Je pense le moment venu de vous en faire profiter dans cette rubrique consacrée aux grands mots et petites phrases.

Quand nous disons : « la plus belle fille du monde ne peut donner que ce qu’elle a », la Marie-Madeleine explique plutôt : « Tiens ! Vois-moi la Marinette toute dégouaillée qu’est encore de drâler derrière le presbytère » …

Au proverbe « Ça n’est pas aux vieux singes qu’on apprend à faire la grimace » elle préfère : « savez, z’étiez encore pas né que j’aurais déjà pu être votre grand-mère si ç’avait voulu ».

« La critique est aisée mais l’art est difficile ! », dites-vous.
Elle préfère : « Pousse toi voir un peu, pis donne un peu la main au lieu de te piller le nez en racontant des sottises ! »

« L’habit ne fait pas le moine… », devient chez elle :
« Vois le moi, ce traine-la-gaine tout débringuenaudé qui va encore à Vêpres gôné en tous les jours avec des rapponses plein sa biaude »

Elle dirait :
« La fille à l’Huguette elle sort du médecin. Elle attend qu’il lui a dit. Encore une qu’a fait Pâques avant les Rameaux.
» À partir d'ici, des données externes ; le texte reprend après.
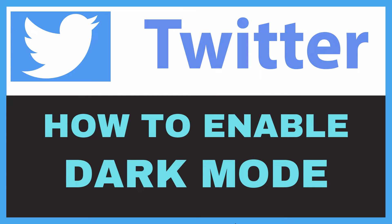This is going to be a video tutorial on how to enable dark mode on Twitter. I will be using a desktop PC for this. Let me jump over to my browser here.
C’est quand même un monde ! De la paroisse, c’est la troisième de l’année à se retrouver avec un polichinelle dans le buffet et on est encore qu’à peine aux saints de glace. Ils auraient pu faire à la retirotte. C’est la moindre des choses ! Toute façon ç’en est une qu’y a rien à lui dire…

Je préfère dire comme George Sand :
Il n’y a qu’un bonheur dans la vie, c’est d’aimer et d’être aimé.
Ou comme Frédéric Dard : Si j’avais su que je l’aimais autant, je l’aurais aimée encore davantage.